Tersus noticed that Dorlan was watching the coin's path along his knuckles, the portly drunk's eyes fighting full closure. Tersus smiled and reversed the motion, which made Dorlan shudder and look around, shocked awake for a moment. Before long he was staring again, breathing becoming occluded enough to be noticed.
Nagay, seated beside him, surreptitiously elbowed him, eliciting a grunt and cough from the larger man. Nagay's Asiatic face showed disgust, but that was just his normal expression, so it meant nothing, really.
The captain of the ship spoke, explaining what different amenities the ship offered, what areas were off limits … the usual. Sensing the meeting was coming to a close, Tersus pocketed the coin and rolled his shoulders.
"Any questions?" the captain asked. DeClerq looked like he was about to make some base joke, but a warning glare from Murcheson made him give a desultory, silent head shake in response.
One by one, they exited the briefing room and returned to the barracks.
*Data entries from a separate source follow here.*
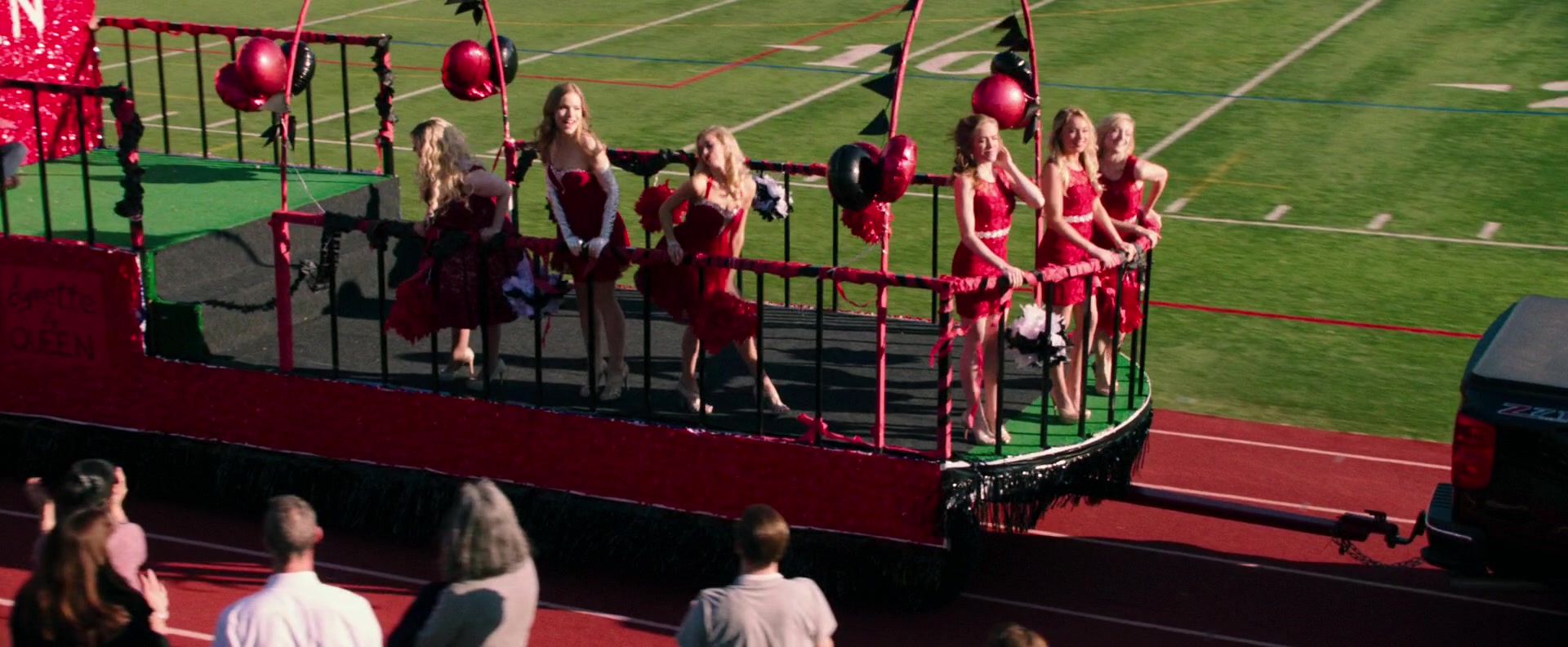 Freak_Show_2017_1080p_010045.jpg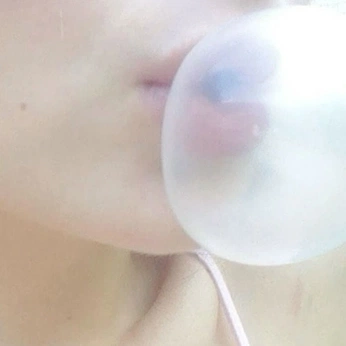 A cover of "playground love" cluster. The owner is ammacrellin. The cluster consists of 7 elements.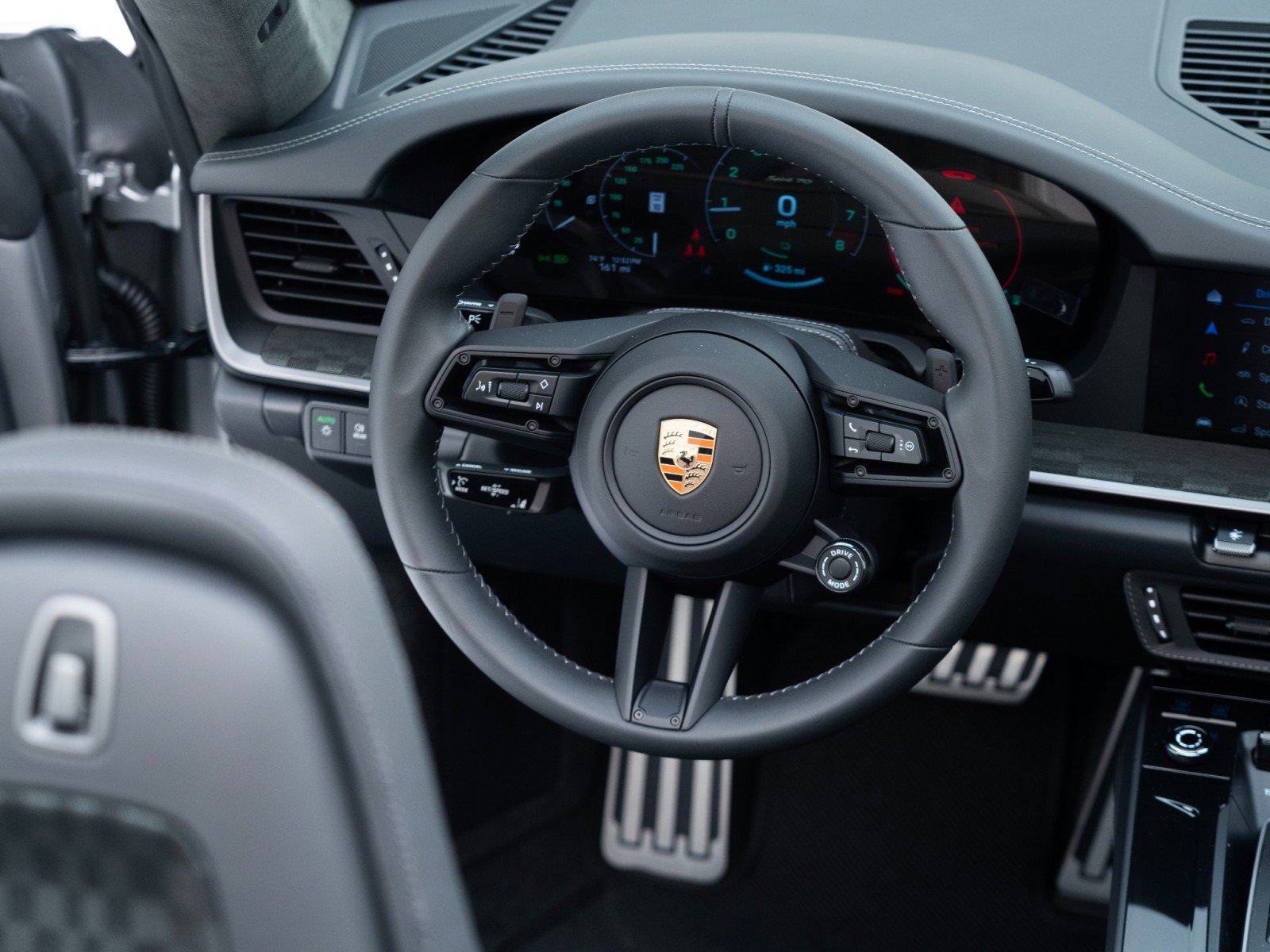 Certified 2026 Porsche 911 GTS image 32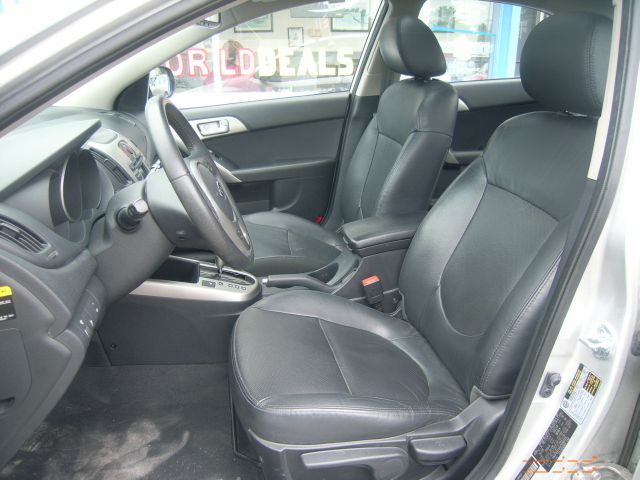 Kia Forte 2010 photo 1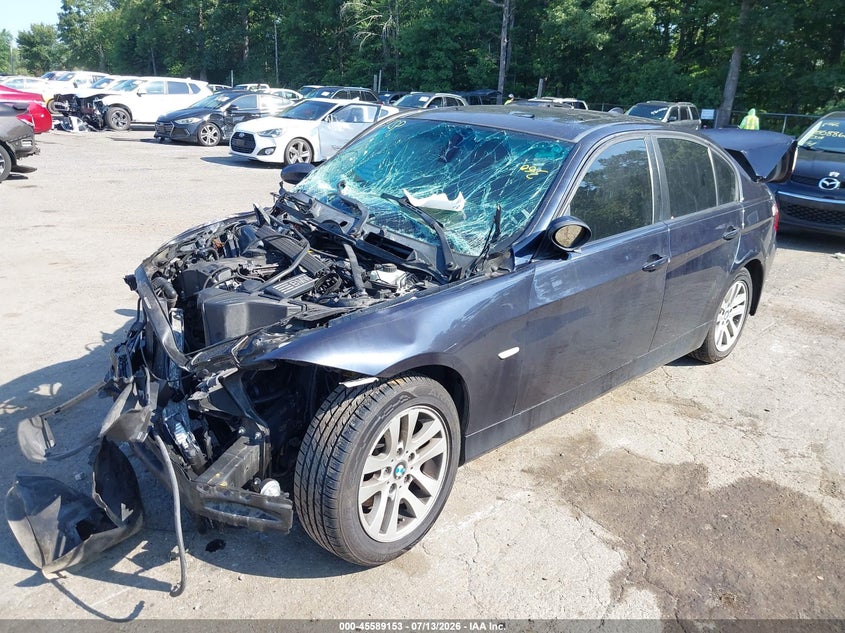 2007 BMW 3er VIN WBAVC73507KP36249 IAAI salvage auction — ALL OVER, Salvage - Greater Than 75% (Maryland), sold $200 on 2026-08-01 (photo 2)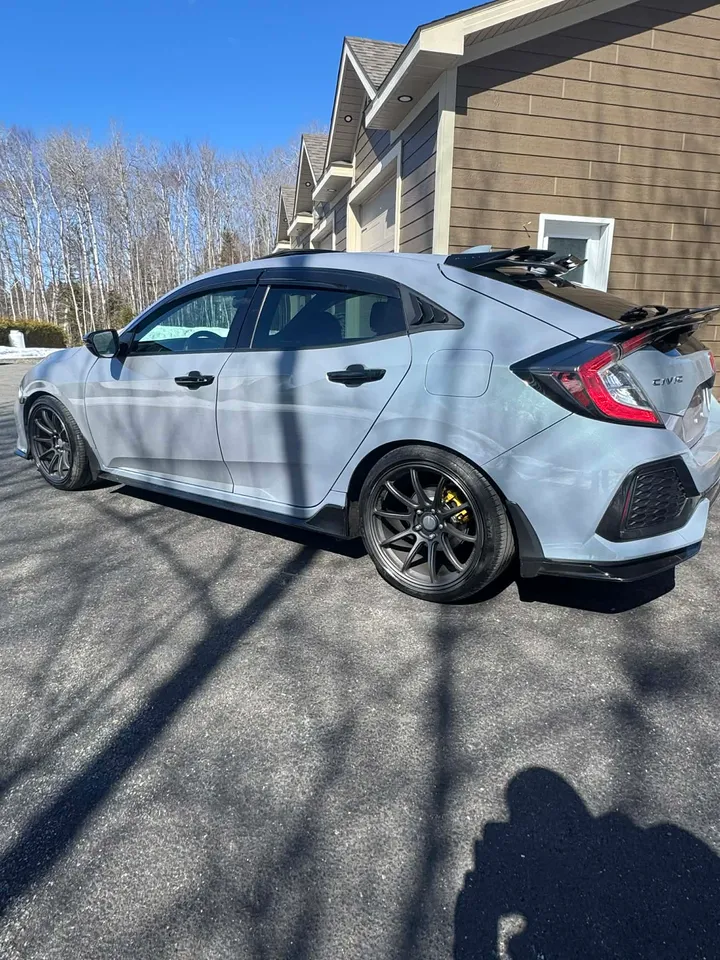 2019 Honda Civic Hatchback Touring Image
Captain Garamonde's ship, the presumptuously named Rex Experiores Spatiorum, ruggedly continued its pursuit through the warp. Garamonde watched copies of Kenek's sermons or rants or whatever they were, often taking notes of questions that were raised in order to ask Whit about them. Often Whit met with other officers on the ship, but none more so than Garamonde himself.
They had both met with Sergeant Murcheson and his squad of Adeptus Arbites. Garamonde left the tactics of storming Kenek's ship up to Murcheson. He was not a ground pounder, nor did he presume to tell the good sergeant how to conduct his men. His main interactions with them was to make sure they had room to keep themselves in fighting shape.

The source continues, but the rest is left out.